This is a growing industry and according to the HSE there are no registration requirements, no minimum structural or operational standards to be attained before opening such a business, no basic training requirements for staff, no age of consent, and no medical history requirements for those availing of such services. Consequently, these premises are not included in any inspection programme by environmental health officers and receive no regular or routine visits from any statutory inspectorate. If not performed to the highest standards, tattooing and body piercing can potentially be an extremely hazardous practice. The risks associated with tattooing and body piercing range from acute infections to allergic reactions and can occur when the piercing or tattooing equipment becomes contaminated from contact with dirty surfaces or dirty hands, or from the infected body fluids or blood of the staff member or a previous client.

While most people associate tattooing with serious infectious risks such as hepatitis B, hepatitis C or HIV, even the most localised infection can be life threatening if it enters the blood stream and goes untreated. In addition, there is also a risk of an allergic reaction to the inks or metals used or the latex gloves worn by the service provider. Piercings are not permanent; they can close up but do leave a mark. Tattoos are permanent. I ask the Minister of State to consider regulating this growing industry as a matter of urgency to protect our youth. Parental guidance and consent should be required for those under 18 years of age.
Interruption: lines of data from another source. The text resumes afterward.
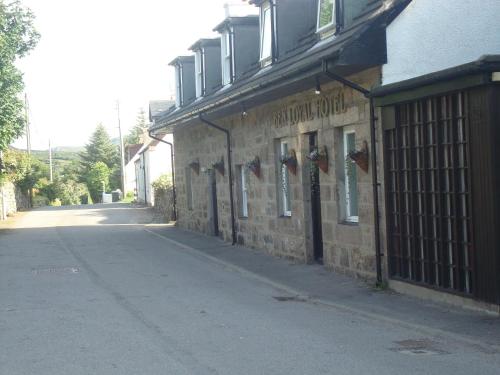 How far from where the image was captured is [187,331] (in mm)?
9234

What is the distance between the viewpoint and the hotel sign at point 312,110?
13.4 meters

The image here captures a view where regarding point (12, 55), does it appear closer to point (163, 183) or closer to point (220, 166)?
point (220, 166)

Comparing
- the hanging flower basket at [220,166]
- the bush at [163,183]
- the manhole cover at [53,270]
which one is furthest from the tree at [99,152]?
the manhole cover at [53,270]

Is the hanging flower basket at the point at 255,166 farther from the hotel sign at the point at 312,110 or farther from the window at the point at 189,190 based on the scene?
the window at the point at 189,190

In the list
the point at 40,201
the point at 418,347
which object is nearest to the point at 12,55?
the point at 418,347

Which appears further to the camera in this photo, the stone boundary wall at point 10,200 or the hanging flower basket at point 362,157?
the stone boundary wall at point 10,200

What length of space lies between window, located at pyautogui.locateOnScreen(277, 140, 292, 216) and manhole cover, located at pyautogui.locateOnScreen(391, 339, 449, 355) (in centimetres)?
840

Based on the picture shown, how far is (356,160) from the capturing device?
12.4 metres

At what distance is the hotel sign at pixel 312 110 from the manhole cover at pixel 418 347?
5592 millimetres

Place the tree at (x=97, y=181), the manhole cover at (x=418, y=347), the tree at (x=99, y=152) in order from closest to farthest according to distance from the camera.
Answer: the manhole cover at (x=418, y=347), the tree at (x=97, y=181), the tree at (x=99, y=152)

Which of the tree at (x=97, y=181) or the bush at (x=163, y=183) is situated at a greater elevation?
the tree at (x=97, y=181)

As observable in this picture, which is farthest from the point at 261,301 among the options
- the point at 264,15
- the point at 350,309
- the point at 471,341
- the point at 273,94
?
the point at 264,15

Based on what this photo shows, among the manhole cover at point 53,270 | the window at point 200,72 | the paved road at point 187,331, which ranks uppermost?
the window at point 200,72

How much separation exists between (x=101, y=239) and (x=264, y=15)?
1013cm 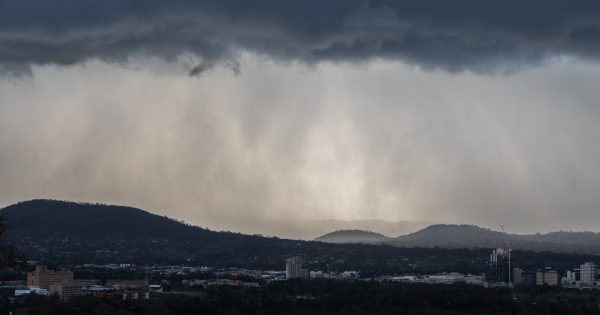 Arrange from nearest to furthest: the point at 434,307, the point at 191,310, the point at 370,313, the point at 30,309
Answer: the point at 30,309 < the point at 191,310 < the point at 370,313 < the point at 434,307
I thank Senator O'Neill for raising this issue and for his insightful and well-informed survey of the issues. It provides me with an opportunity to update the House on this matter. At present, there is no legislation specifically regulating the activities of persons providing tattooing or body piercing services in Ireland. However, it should also be noted that there are many cases where young people acquire tattoos or piercings while on holidays abroad or travelling, so even the legal framework advocated by Senator O'Neill would not have extraterritorial effect. I understand the issues he is raising in respect of this jurisdiction.

Tattooing and body piercing businesses are required to comply with general public health and safety legislation in the same way as any other business. The responsibilities of all business operators include taking all reasonable precautions for the safety of persons using the premises. The infectious diseases regulations empower medical officers or health and environmental health officers to take any necessary steps to investigate the nature and source of any infections linked to tattooing or body piercing. Anyone who carries out tattooing or body piercing on a person without informed consent may face criminal prosecution.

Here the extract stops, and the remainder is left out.